The researchers examined existing data from a total of 19 studies involving 140,825 participants from Australia, Europe and the United States, and included 3954 cases of diabetes. The results were published in the Canadian Medical Association Journal. “In the preliminary analysis adjusted for age and sex, high job insecurity was associated with an increased risk of incident diabetes compared with low low insecurity”, the study states.
Participants of the various studies were asked questions regarding how secure they felt in their job, how likely it was they would involuntarily lose their job, or how worried they were about becoming unemployed. Those data were then cross-referenced with any cases of diabetes.

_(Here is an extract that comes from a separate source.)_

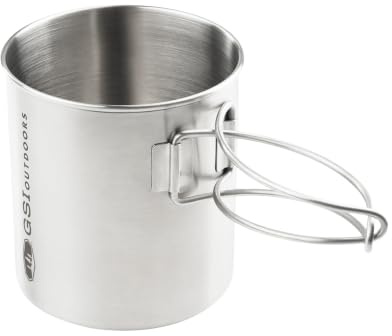 GSI Outdoors - Edelstahlbecher mit Klappgriff 700 ml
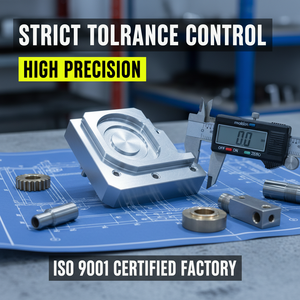 Low MOQ CNC Machining Services For Custom Precision Parts Prototype Development R&D Testing And Small Batch Manufacturing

With an increasing use of temporary contracts, zero-hours contracts and other flexible employment, more and more consideration is given to both the physical and mental health consequences of job insecurity. For example, the researchers refer to previous research that linked job insecurity to diabetes through a connection between job insecurity and a subsequent increase in body mass index.
But the new study shows there might be more to it. Even after adjusting for age, sex, socioeconomic status, obesity, physical activity, alcohol use and smoking, the result remained statistically significant.
The researchers feel the multi-country data set makes it likely that their findings apply more widely to workers in other high-income countries as well.
Although there is no proof of a direct link, this latest study shows there is a connection between job insecurity and diabetes risk. As such, the authors recommend a policy response that looks to reduce people’s exposure to job insecurity in an attempt to limit its health impact.